Variable names for my training and test data are X_train, X_test, Y_train, Y_test
I have ran a GridSearchCV instance from sklearn to do hyperparameter tuning for my random forest model.
param_grid = {
'n_estimators': [500],
'max_features': ['sqrt', None],
'max_depth': [ 6 ],
'max_leaf_nodes': [8],
'min_impurity_decrease':[0,0.02],
'min_samples_split':[2]
}
grid_search= GridSearchCV(RandomForestClassifier(
criterion='gini',
min_weight_fraction_leaf=0.0,
bootstrap=True,
n_jobs=-1,
random_state=1, verbose=0,
warm_start=False, class_weight='balanced',
ccp_alpha=0.0,
max_samples=None),
param_grid=param_grid,verbose=50,cv=2,n_jobs=-1,scoring='balanced_accuracy')
grid_search.fit(X_train, Y_train)
All the scores that I can see while the gridseach is training are in the range of 0.4-.6 Following is the output of the best score:
[CV 2/2; 1/4] END max_depth=6, max_features=sqrt, max_leaf_nodes=8, min_impurity_decrease=0, min_samples_split=2, n_estimators=500;, score=0.552 total time= 15.4s
My questions is when I am manually calculating balanced_accuracy using
from sklearn.metrics import balanced_accuracy_score,
by running print('training accuracy', balanced_accuracy_score(grid_search.predict(X_train), Y_train,adjusted=False))

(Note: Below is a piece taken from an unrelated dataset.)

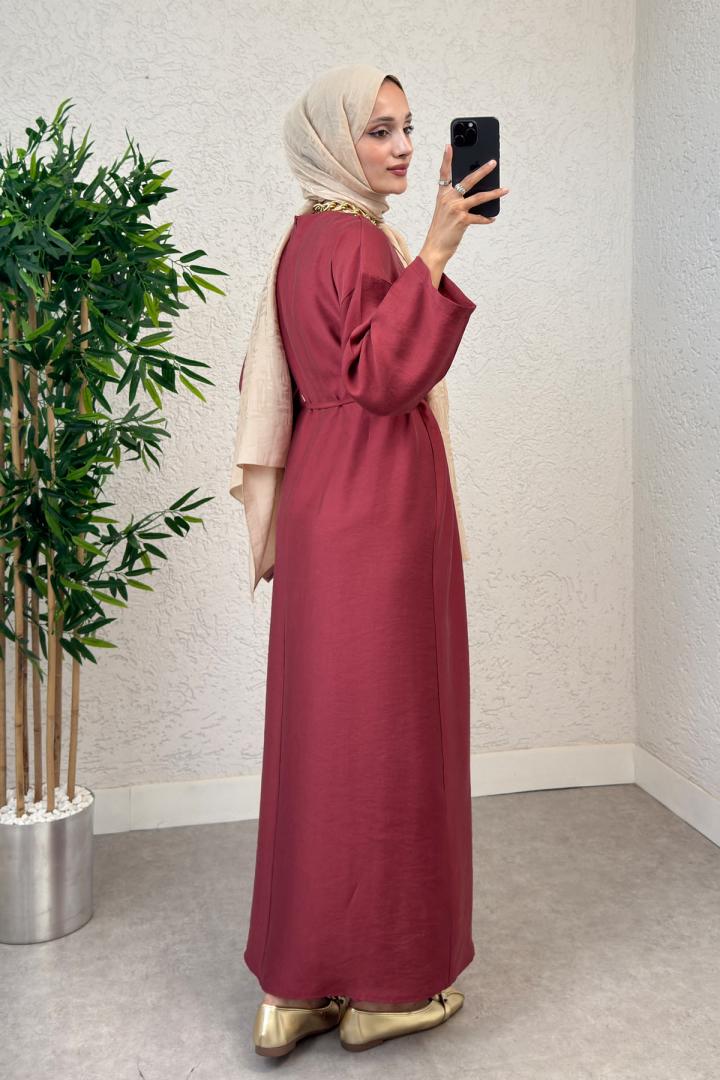 Sultan Basic Elbise 0001 - BORDO | Salih Çelebi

, I am getting a value of about 0.96 which is very different from what the output of gridsearchcv is showing during the run. Why is this so? And what does the score in gridsearchcv mean then? Please note I have passed the parameter scoring = 'balanced_accuracy'
in gridsearchcv to make sure they calculate the same thing.